While it is clear that Duttry expands the scope of information that may be relevant in an informed consent case, it is less clear whether it alters the prevailing practice whereby the plaintiff who has not received a full description of the risks of a procedure must still convince a jury that the missing information would have been "material" to a prudent patient's decision to undergo surgery. On its face, Duttry appears to declare as a matter of law that the surgeon's alleged misrepresentations concerning his experience was material.

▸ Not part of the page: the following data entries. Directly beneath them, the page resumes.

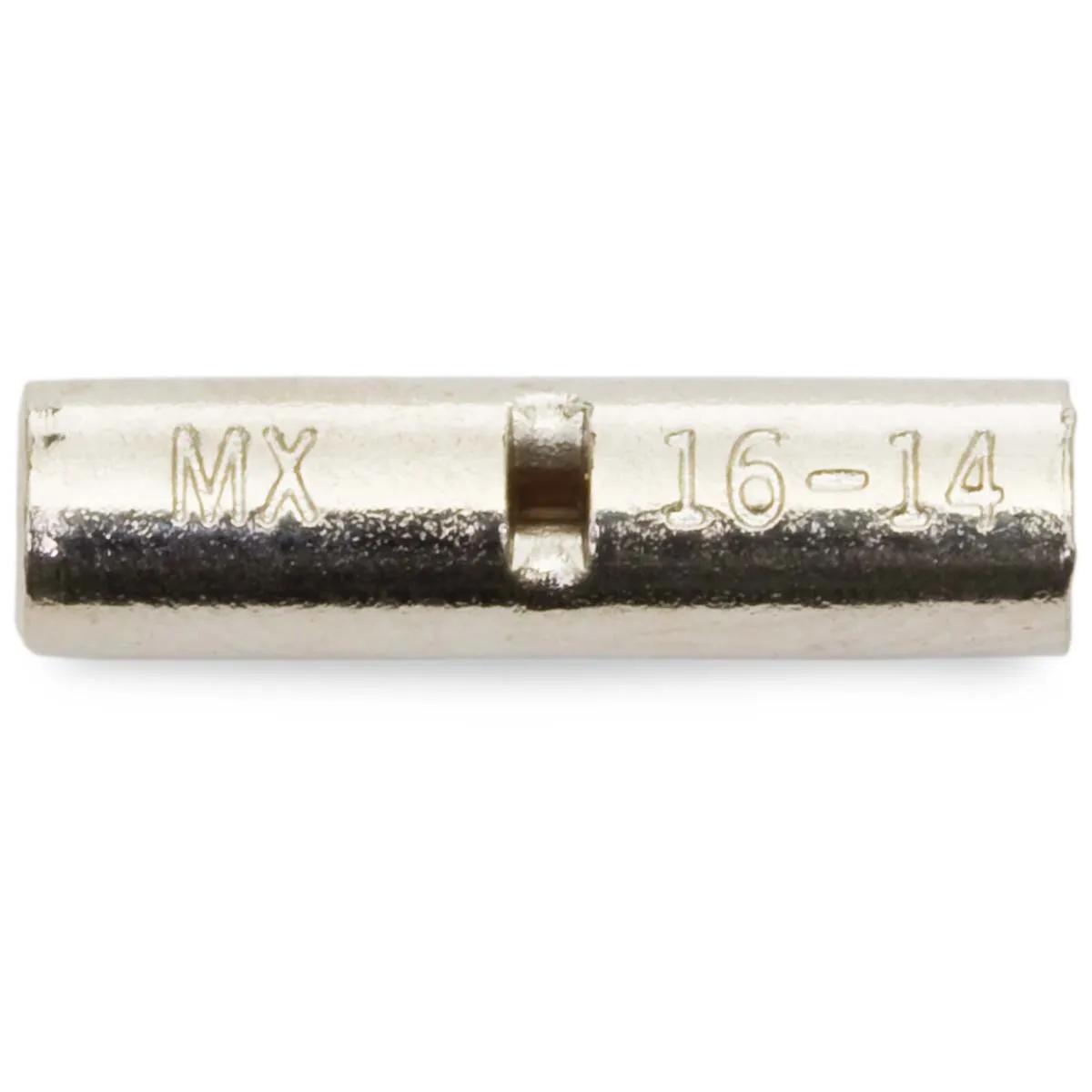 High-Temperature Non-Insulated Heavy-Duty Butt Connectors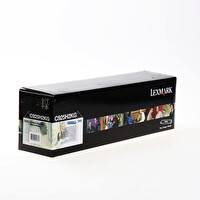 Lexmark C925H2KG Siyah Orjinal Toner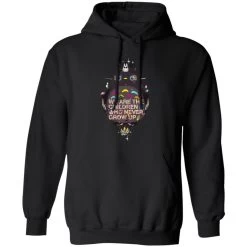 Totoro – Never Grow Up Hoodie -Ghibli Shop redirect10052021071038 2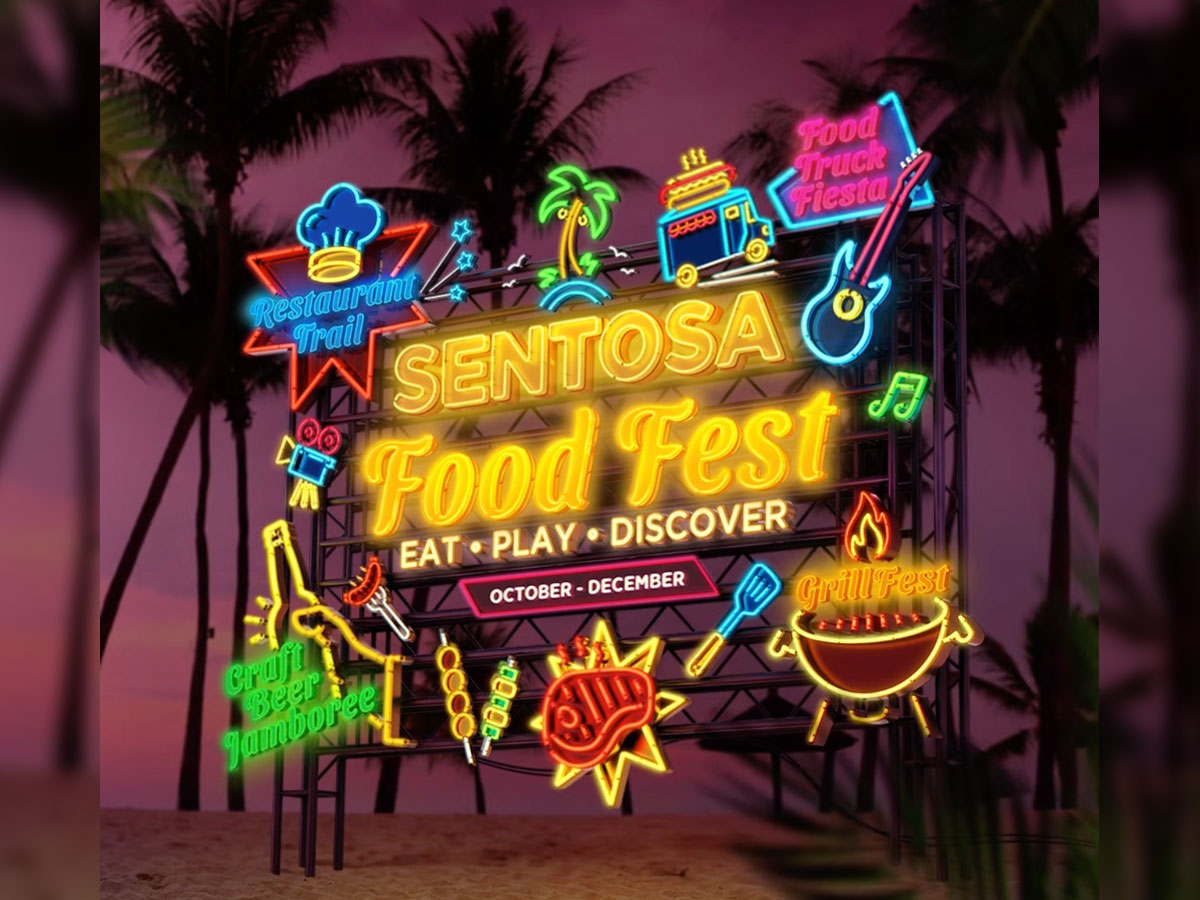Sentosa Food Fest 2022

"The question thus becomes whether a reasonable person who questions a doctor about the doctor's personal qualifications and experience, when making a decision about whether to have this individual perform a procedure, would consider this information significant in making the decision. We conclude that a reasonable person would consider it significant and an individual surgeon who provides false information when so questioned would be subject to a claim of lack of informed consent. " Duttry at p. 3.
This language, if applied literally, suggests that on remand the plaintiff will only have to prove that the misrepresentation was uttered by the doctor, the court having already concluded that the subject matter was material. If that is so, then the jury would never have to consider materiality as they historically have done in informed consent cases.
To the extent that Duttry is viewed as eliminating the need to prove materiality, it would represent a major expansion of informed consent liability. However, it is doubtful that Duttry is intended to cause such a drastic change in the legal landscape. For example, consider a situation in which a patient is told by a surgeon that he has performed a procedure 100 times in his career when, in truth, he has only done the procedure 90 times. Assume further that this was an innocent mis-statement by the doctor, i.e., he did not knowingly exaggerate his level of experience. Will a plaintiff be able to prevail simply by proving the inaccuracy without regard to whether a jury thinks the discrepancy is material? Probably not. Thus, Duttry either should not be read as taking the issue of materiality from the jury, or if it does, it should be perceived as a special circumstance in which the court, in essence, was declaring that no reasonable jury could fail to find that the misrepresented information in that particular case was material.
In sum, while it would probably be a mistake to conclude that Duttry eliminates materiality as an element in this genre of informed consent cases. It would not be a mistake to say that it now opens the door to admit a variety of background information on the surgeon, assuming that the patient inquires about such matters. Viewed in that light, Duttry is one of the more significant informed consent cases in the recent years.